Geocoding with UDFs

In this tutorial you will learn how to add geocoding to your data using Exasol UDFs.

This tutorial uses database objects in the free public demo system hosted by Exasol. To get access to the public demo system, sign up here.

Introduction

The examples in this tutorial make use of GeoPy, a popular Python client for geocoding web services. The public demo system contains a pre-built GeoPy distribution file in the following BucketFS location:

/buckets/bucketfs1/showcase/geopy-VERSION-py3-none-any.whl

In Exasol UDFs, a sys.path.extend call makes use of corresponding Python modules. This method only works for pure Python modules that do not contain extensions or code in other programming languages. If this does not work in your database, use the method described in Adding New Packages to Existing Script Languages.

Geocoding example

The following example shows how to determine the latitude and longitude for a given place using a UDF script.

  1. Open your schema in the demo database.

    OPEN SCHEMA <YOUR SCHEMA>;
  2. Copy the following script into your client and execute it to create the UDF.

    --/
    CREATE or REPLACE PYTHON3 SET SCRIPT geopy_geocode_long_lat(placename varchar(200)) EMITS (place varchar(20000), latitude double, longitude double) AS
    import glob
    sys.path.extend(glob.glob('/buckets/bucketfs1/showcase/*'))
    import geopy.geocoders
    from geopy.geocoders import Nominatim
    geopy.geocoders.options.default_user_agent = "my-application" 
    # IMPORTANT: "my-application" must be changed to the name of your application

    geolocator = Nominatim()

    def run(ctx):
     while True:
      try:
       geo = geolocator.geocode(ctx.placename, timeout=None
       place=ctx.placename
       lat=geo.latitude
       lo=geo.longitude
       ctx.emit(place, lat, lo)
      except:
       ctx.emit(place + " (Unavailable)",None,None)
      if not ctx.next(): break
    /
  3. Test the UDF against a specific address using the dual table in the demo database:

    SELECT geopy_geocode_long_lat('10 Downing Street, London, UK') FROM dual;
  4. Create a new table in your schema to run the UDF against a table with location data.

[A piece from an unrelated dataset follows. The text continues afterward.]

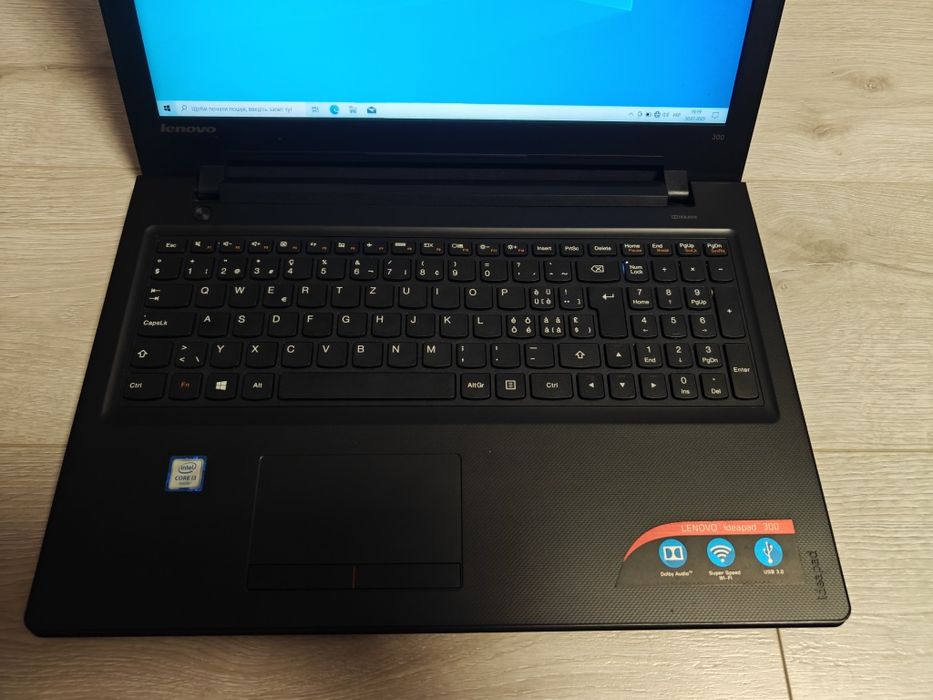 Lenovo Ideapad 300 (15.6"FHD/intel i3/8GB/128SSD) 3 години!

For example:

    CREATE TABLE
        "TEST_BOROUGH" AS
    SELECT
        *
    FROM
        NYC_TAXI.TAXI_ZONES lIMIT 15;
  5. Execute the UDF against the data set.

    SELECT DISTINCT * from(
        SELECT
            geopy_geocode_long_lat(tz.BOROUGH)
        FROM
            "TEST_BOROUGH" tz
        ORDER BY
            1 ASC
    )
    ;

    Result: 

    * PLACE LATITUDE LONGITUDE
    1 Bronx 40.85045845 -73.8404035580209
    2 Brooklyn 40.6501038 -73.9495823
    3 Manhattan 40.7900869 -73.9598295
    4 Queens 40.6524927 -73.7914214158161
    5 Staten Island 40.5834557 -74.1496048

Reverse geocoding

The following examples show how to do reverse geocoding using latitude and longitude.

  1. Open your schema in the demo database.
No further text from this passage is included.